:: PROVIDED RECORDS
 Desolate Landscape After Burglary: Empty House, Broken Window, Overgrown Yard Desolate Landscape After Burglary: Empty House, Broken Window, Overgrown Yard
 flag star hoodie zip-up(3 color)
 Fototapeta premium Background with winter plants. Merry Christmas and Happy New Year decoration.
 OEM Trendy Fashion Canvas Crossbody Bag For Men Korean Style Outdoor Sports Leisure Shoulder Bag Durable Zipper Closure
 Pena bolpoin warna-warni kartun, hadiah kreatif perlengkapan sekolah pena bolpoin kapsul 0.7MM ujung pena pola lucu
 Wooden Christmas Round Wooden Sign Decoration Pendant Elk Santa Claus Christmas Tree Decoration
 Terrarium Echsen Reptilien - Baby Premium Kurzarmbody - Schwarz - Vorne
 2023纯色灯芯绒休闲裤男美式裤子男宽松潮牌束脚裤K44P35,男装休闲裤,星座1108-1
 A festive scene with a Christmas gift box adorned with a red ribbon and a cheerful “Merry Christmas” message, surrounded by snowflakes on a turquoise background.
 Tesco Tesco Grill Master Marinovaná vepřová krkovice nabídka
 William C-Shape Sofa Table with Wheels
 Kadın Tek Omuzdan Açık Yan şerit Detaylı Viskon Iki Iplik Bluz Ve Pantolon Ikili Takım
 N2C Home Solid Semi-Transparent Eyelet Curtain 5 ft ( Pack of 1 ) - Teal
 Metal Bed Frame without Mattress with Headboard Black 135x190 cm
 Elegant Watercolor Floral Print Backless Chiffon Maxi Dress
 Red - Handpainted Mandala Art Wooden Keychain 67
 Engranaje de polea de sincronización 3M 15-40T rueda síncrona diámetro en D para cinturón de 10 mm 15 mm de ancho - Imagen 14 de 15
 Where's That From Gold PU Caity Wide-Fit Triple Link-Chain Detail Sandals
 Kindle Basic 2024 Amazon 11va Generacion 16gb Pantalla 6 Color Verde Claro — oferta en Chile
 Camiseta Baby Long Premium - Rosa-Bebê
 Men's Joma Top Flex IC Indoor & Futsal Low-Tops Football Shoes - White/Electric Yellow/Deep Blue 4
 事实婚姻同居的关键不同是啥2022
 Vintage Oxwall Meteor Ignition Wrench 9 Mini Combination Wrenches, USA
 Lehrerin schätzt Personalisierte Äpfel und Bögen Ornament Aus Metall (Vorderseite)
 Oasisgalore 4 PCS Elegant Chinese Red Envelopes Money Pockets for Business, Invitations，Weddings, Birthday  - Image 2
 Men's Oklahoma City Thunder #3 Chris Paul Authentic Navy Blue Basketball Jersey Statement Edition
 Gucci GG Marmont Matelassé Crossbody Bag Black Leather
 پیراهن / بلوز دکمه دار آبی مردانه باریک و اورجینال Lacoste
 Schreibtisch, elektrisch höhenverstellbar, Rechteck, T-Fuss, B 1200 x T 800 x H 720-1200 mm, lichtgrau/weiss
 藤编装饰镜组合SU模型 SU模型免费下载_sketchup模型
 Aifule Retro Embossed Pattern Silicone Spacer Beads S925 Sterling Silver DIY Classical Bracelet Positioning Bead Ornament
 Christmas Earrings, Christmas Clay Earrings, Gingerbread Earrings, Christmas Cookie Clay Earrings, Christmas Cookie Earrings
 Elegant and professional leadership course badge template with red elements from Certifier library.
::::
TASK DIRECTIONS:
Set down the records once more, character for character.

SOLVED PROBLEM:
 Desolate Landscape After Burglary: Empty House, Broken Window, Overgrown Yard Desolate Landscape After Burglary: Empty House, Broken Window, Overgrown Yard
 flag star hoodie zip-up(3 color)
 Fototapeta premium Background with winter plants. Merry Christmas and Happy New Year decoration.
 OEM Trendy Fashion Canvas Crossbody Bag For Men Korean Style Outdoor Sports Leisure Shoulder Bag Durable Zipper Closure
 Pena bolpoin warna-warni kartun, hadiah kreatif perlengkapan sekolah pena bolpoin kapsul 0.7MM ujung pena pola lucu
 Wooden Christmas Round Wooden Sign Decoration Pendant Elk Santa Claus Christmas Tree Decoration
 Terrarium Echsen Reptilien - Baby Premium Kurzarmbody - Schwarz - Vorne
 2023纯色灯芯绒休闲裤男美式裤子男宽松潮牌束脚裤K44P35,男装休闲裤,星座1108-1
 A festive scene with a Christmas gift box adorned with a red ribbon and a cheerful “Merry Christmas” message, surrounded by snowflakes on a turquoise background.
 Tesco Tesco Grill Master Marinovaná vepřová krkovice nabídka
 William C-Shape Sofa Table with Wheels
 Kadın Tek Omuzdan Açık Yan şerit Detaylı Viskon Iki Iplik Bluz Ve Pantolon Ikili Takım
 N2C Home Solid Semi-Transparent Eyelet Curtain 5 ft ( Pack of 1 ) - Teal
 Metal Bed Frame without Mattress with Headboard Black 135x190 cm
 Elegant Watercolor Floral Print Backless Chiffon Maxi Dress
 Red - Handpainted Mandala Art Wooden Keychain 67
 Engranaje de polea de sincronización 3M 15-40T rueda síncrona diámetro en D para cinturón de 10 mm 15 mm de ancho - Imagen 14 de 15
 Where's That From Gold PU Caity Wide-Fit Triple Link-Chain Detail Sandals
 Kindle Basic 2024 Amazon 11va Generacion 16gb Pantalla 6 Color Verde Claro — oferta en Chile
 Camiseta Baby Long Premium - Rosa-Bebê
 Men's Joma Top Flex IC Indoor & Futsal Low-Tops Football Shoes - White/Electric Yellow/Deep Blue 4
 事实婚姻同居的关键不同是啥2022
 Vintage Oxwall Meteor Ignition Wrench 9 Mini Combination Wrenches, USA
 Lehrerin schätzt Personalisierte Äpfel und Bögen Ornament Aus Metall (Vorderseite)
 Oasisgalore 4 PCS Elegant Chinese Red Envelopes Money Pockets for Business, Invitations，Weddings, Birthday  - Image 2
 Men's Oklahoma City Thunder #3 Chris Paul Authentic Navy Blue Basketball Jersey Statement Edition
 Gucci GG Marmont Matelassé Crossbody Bag Black Leather
 پیراهن / بلوز دکمه دار آبی مردانه باریک و اورجینال Lacoste
 Schreibtisch, elektrisch höhenverstellbar, Rechteck, T-Fuss, B 1200 x T 800 x H 720-1200 mm, lichtgrau/weiss
 藤编装饰镜组合SU模型 SU模型免费下载_sketchup模型
 Aifule Retro Embossed Pattern Silicone Spacer Beads S925 Sterling Silver DIY Classical Bracelet Positioning Bead Ornament
 Christmas Earrings, Christmas Clay Earrings, Gingerbread Earrings, Christmas Cookie Clay Earrings, Christmas Cookie Earrings
 Elegant and professional leadership course badge template with red elements from Certifier library.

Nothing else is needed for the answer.